YOUR TASK
Copy the lines from the start of the records below through the line containing "Le Honor Magic9", both included, and leave out the pictures.

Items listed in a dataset
+---+
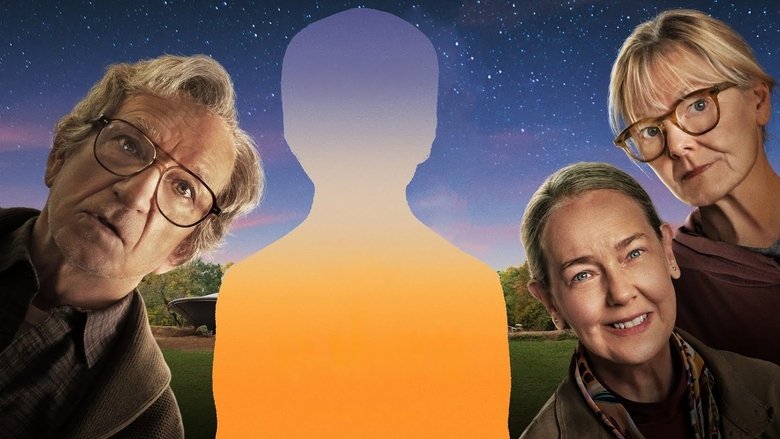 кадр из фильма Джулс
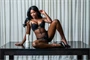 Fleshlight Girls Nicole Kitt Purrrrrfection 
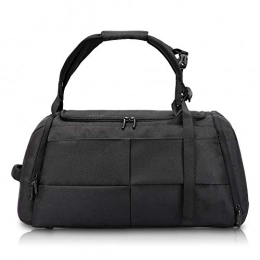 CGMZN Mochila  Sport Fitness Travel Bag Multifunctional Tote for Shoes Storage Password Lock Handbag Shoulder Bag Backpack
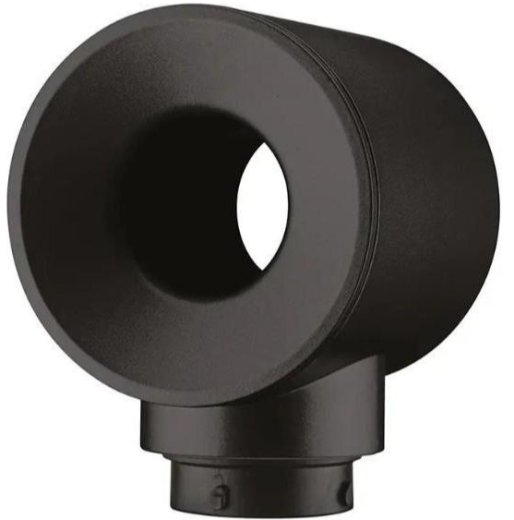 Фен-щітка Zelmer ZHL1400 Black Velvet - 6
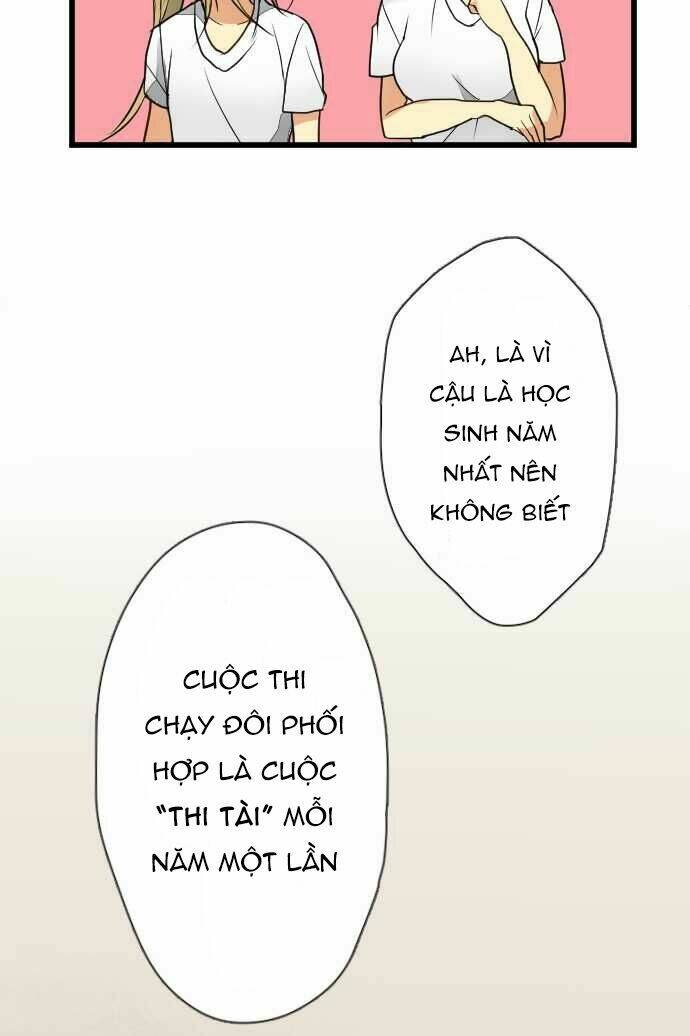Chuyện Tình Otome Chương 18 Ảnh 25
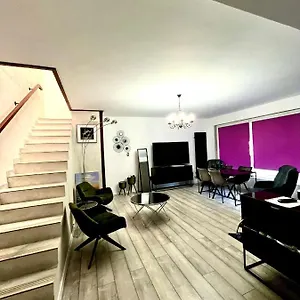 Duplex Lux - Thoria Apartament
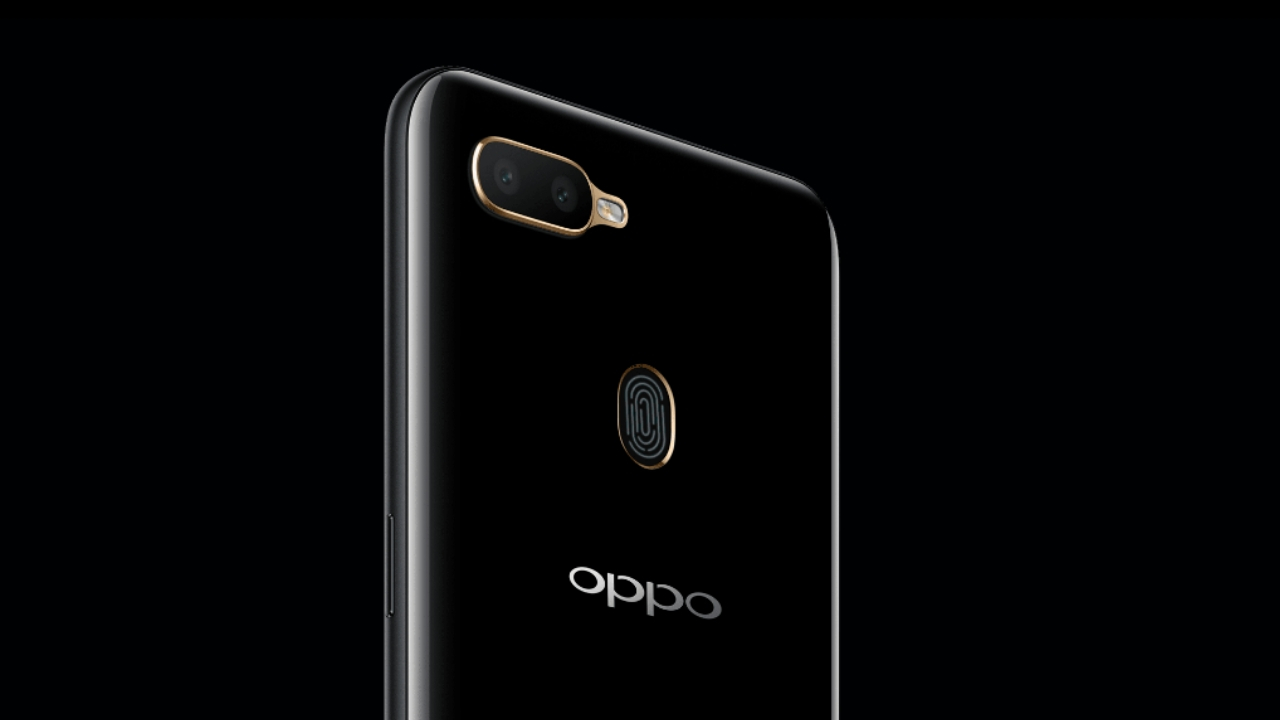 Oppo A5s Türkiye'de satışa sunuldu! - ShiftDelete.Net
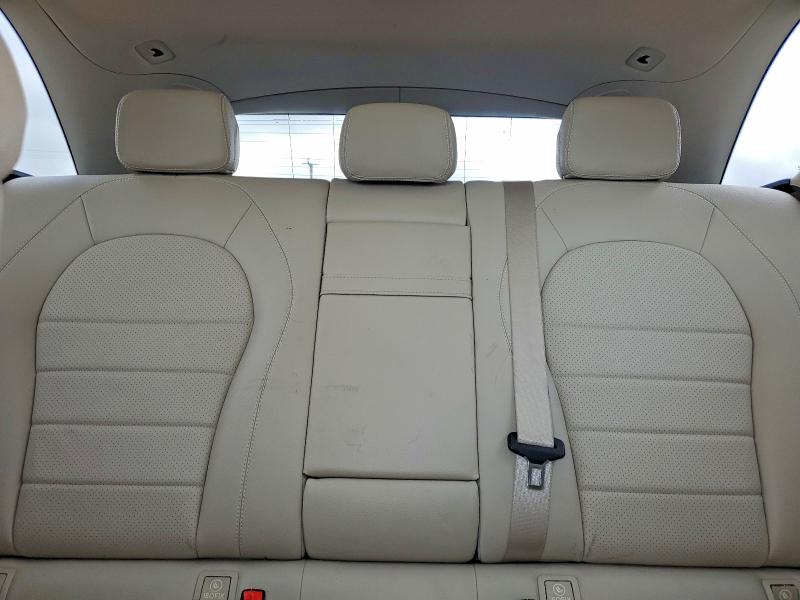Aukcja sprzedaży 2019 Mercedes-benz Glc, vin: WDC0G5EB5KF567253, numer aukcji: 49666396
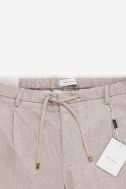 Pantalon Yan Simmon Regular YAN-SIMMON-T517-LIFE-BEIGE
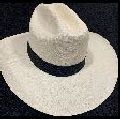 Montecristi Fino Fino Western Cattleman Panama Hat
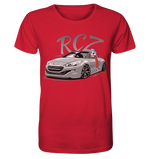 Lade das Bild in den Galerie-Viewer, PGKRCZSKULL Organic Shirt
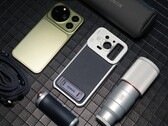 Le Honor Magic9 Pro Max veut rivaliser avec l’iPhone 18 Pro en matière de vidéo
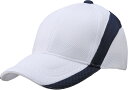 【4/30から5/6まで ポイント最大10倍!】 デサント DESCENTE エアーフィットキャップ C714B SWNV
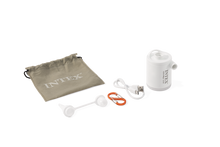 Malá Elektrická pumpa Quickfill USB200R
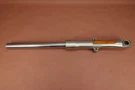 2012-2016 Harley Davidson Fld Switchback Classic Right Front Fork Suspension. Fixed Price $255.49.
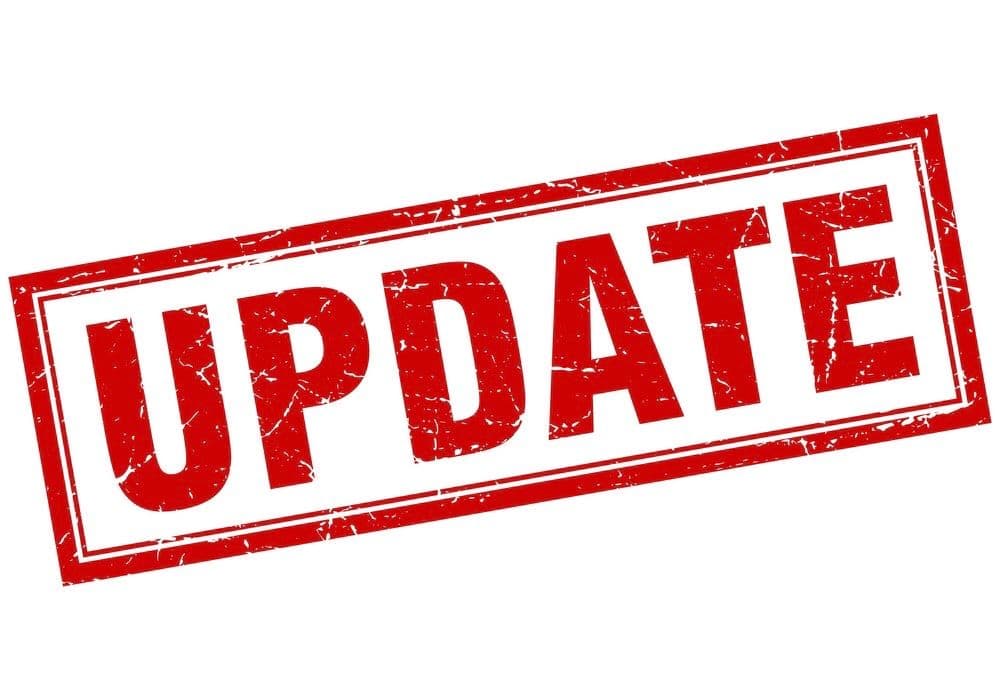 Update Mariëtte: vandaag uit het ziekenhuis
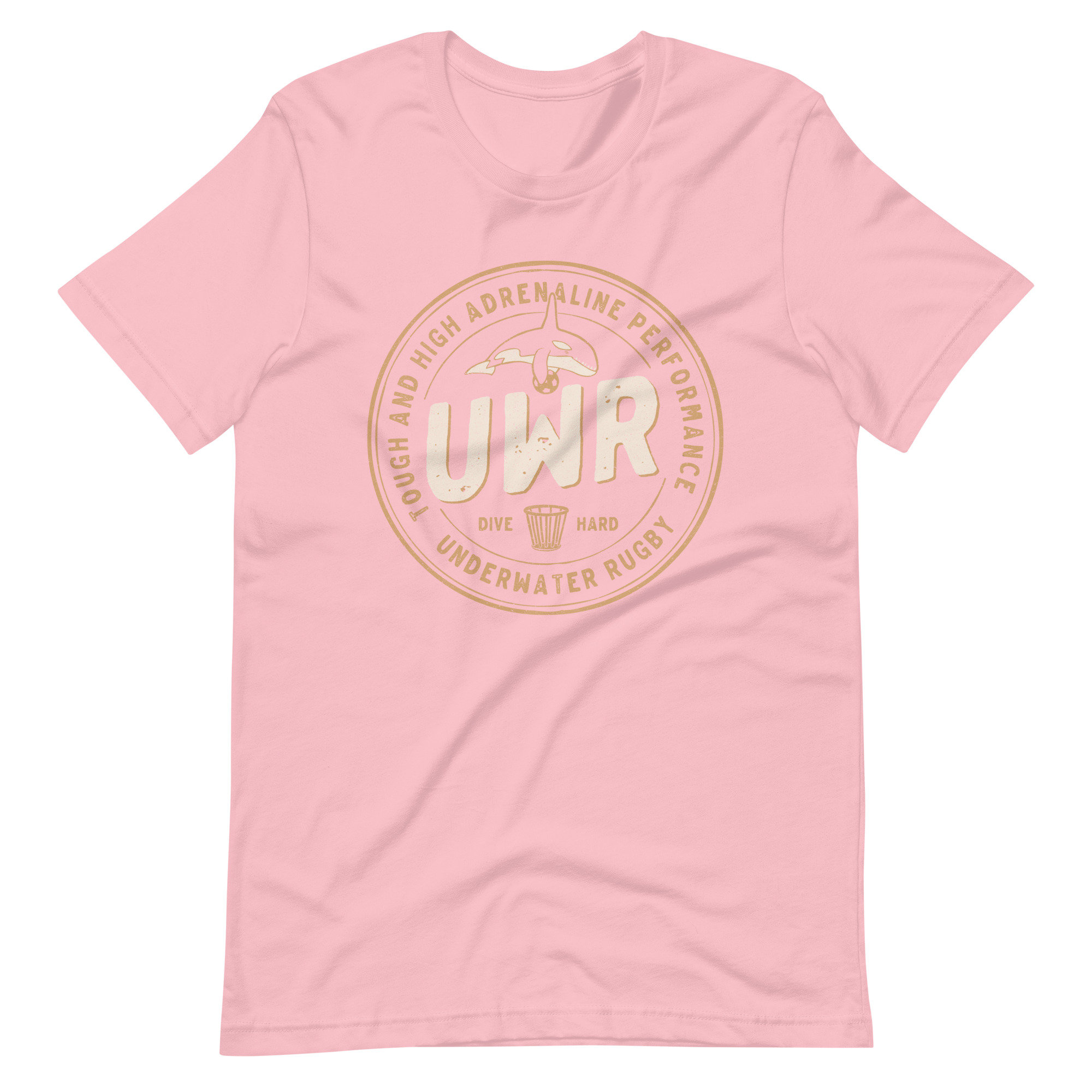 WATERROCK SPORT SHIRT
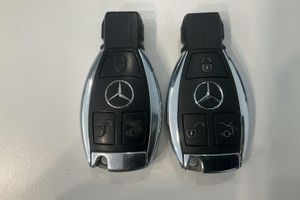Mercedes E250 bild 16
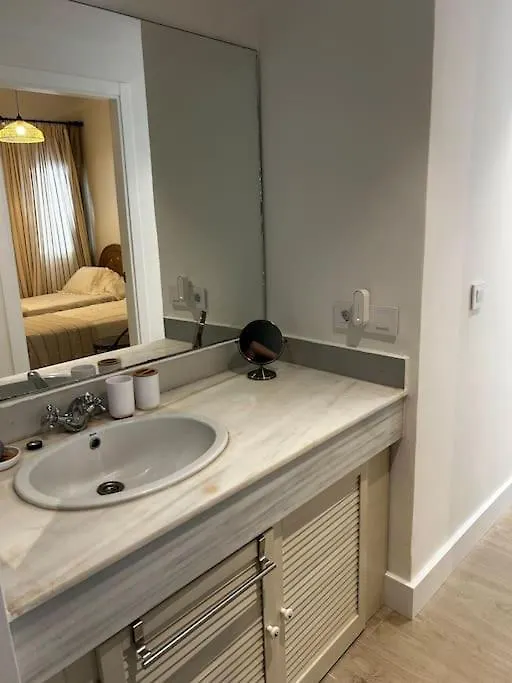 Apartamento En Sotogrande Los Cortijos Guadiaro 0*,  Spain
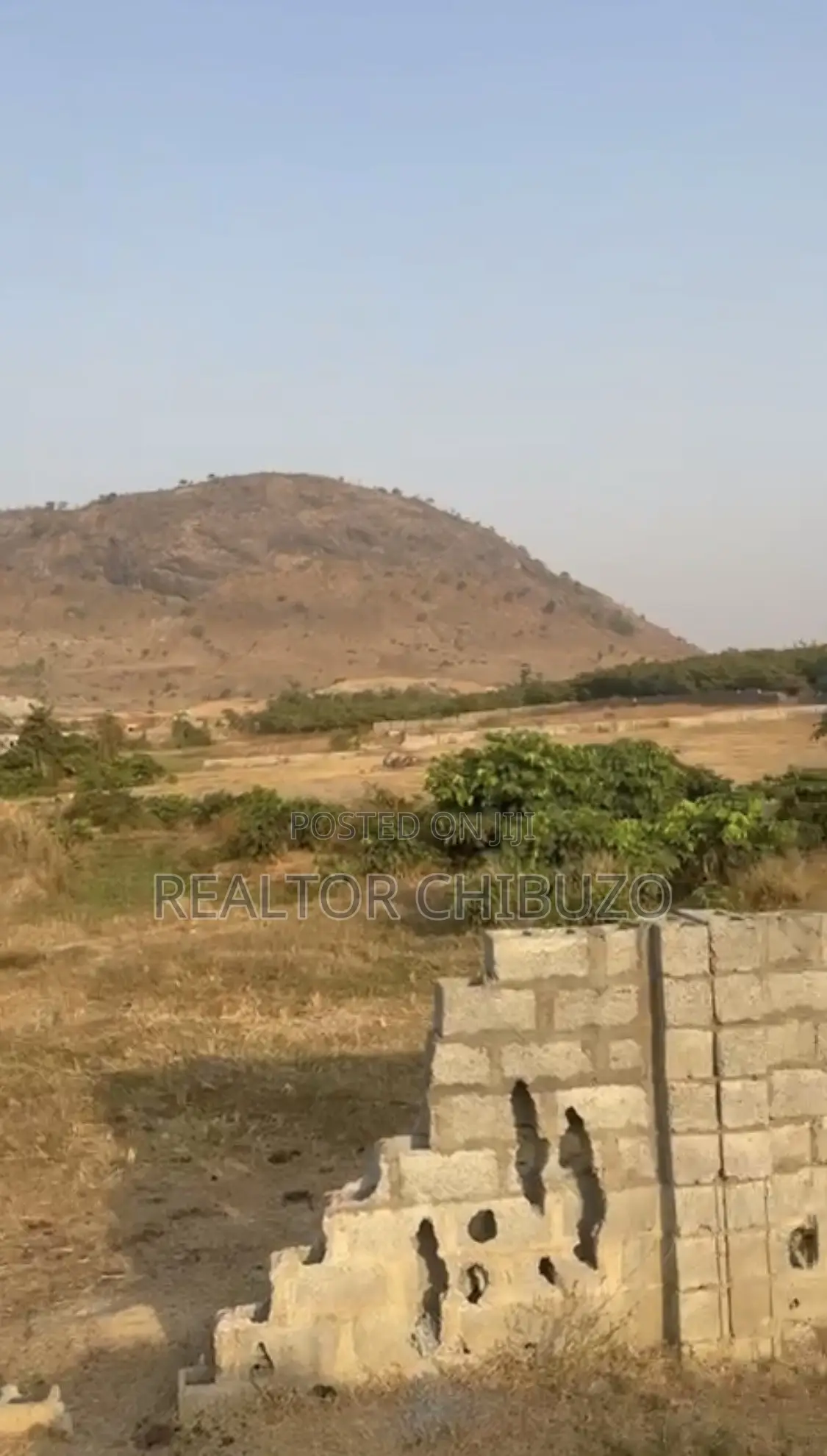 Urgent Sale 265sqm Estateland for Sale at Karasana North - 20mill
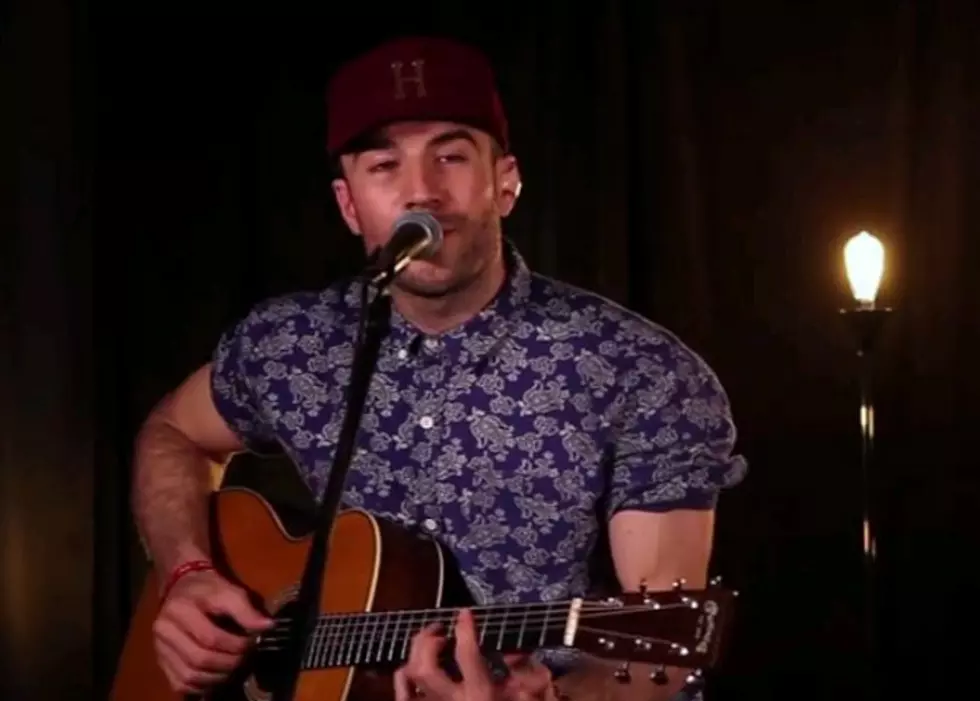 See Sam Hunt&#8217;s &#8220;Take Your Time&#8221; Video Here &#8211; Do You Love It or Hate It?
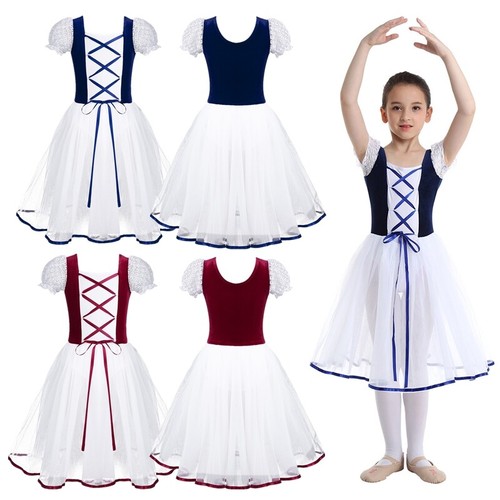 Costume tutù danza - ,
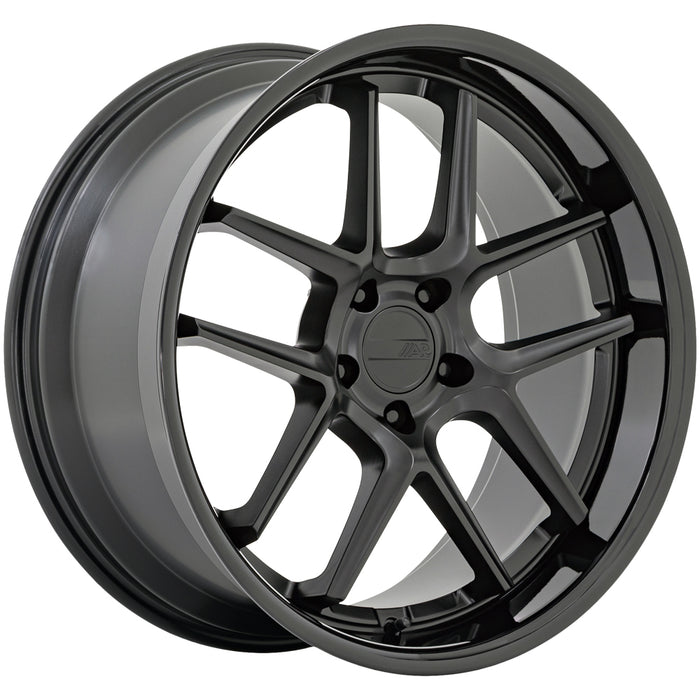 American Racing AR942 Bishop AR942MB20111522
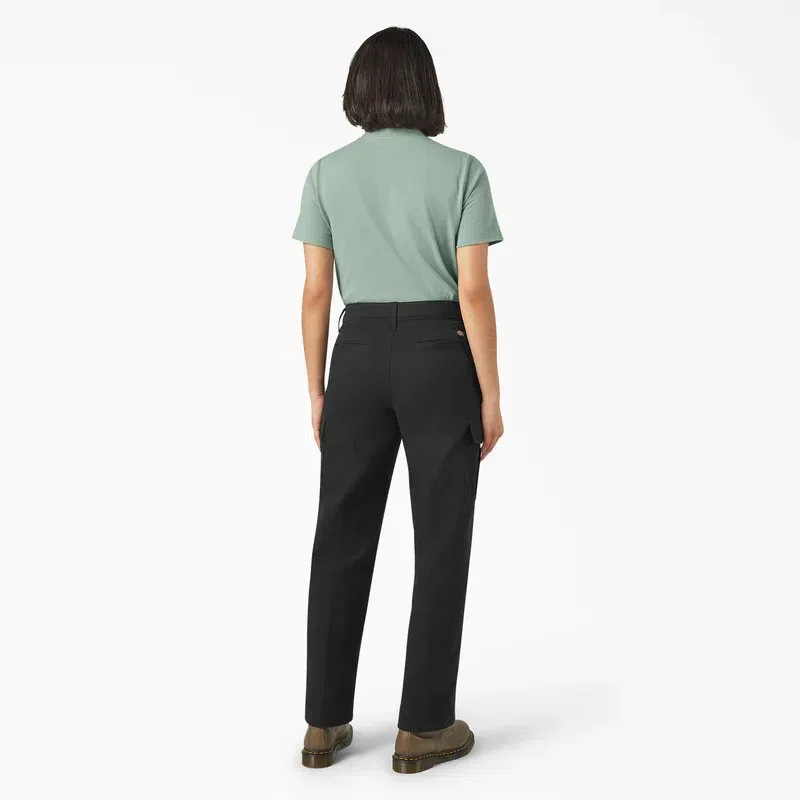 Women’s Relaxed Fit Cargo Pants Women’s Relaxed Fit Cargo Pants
+---+
RESULT OF THE TASK
 кадр из фильма Джулс
 Fleshlight Girls Nicole Kitt Purrrrrfection 
 CGMZN Mochila  Sport Fitness Travel Bag Multifunctional Tote for Shoes Storage Password Lock Handbag Shoulder Bag Backpack
 Фен-щітка Zelmer ZHL1400 Black Velvet - 6
Chuyện Tình Otome Chương 18 Ảnh 25
 Duplex Lux - Thoria Apartament
 Oppo A5s Türkiye'de satışa sunuldu! - ShiftDelete.Net
Aukcja sprzedaży 2019 Mercedes-benz Glc, vin: WDC0G5EB5KF567253, numer aukcji: 49666396
 Pantalon Yan Simmon Regular YAN-SIMMON-T517-LIFE-BEIGE
 Montecristi Fino Fino Western Cattleman Panama Hat
 Lade das Bild in den Galerie-Viewer, PGKRCZSKULL Organic Shirt
 Le Honor Magic9 Pro Max veut rivaliser avec l’iPhone 18 Pro en matière de vidéo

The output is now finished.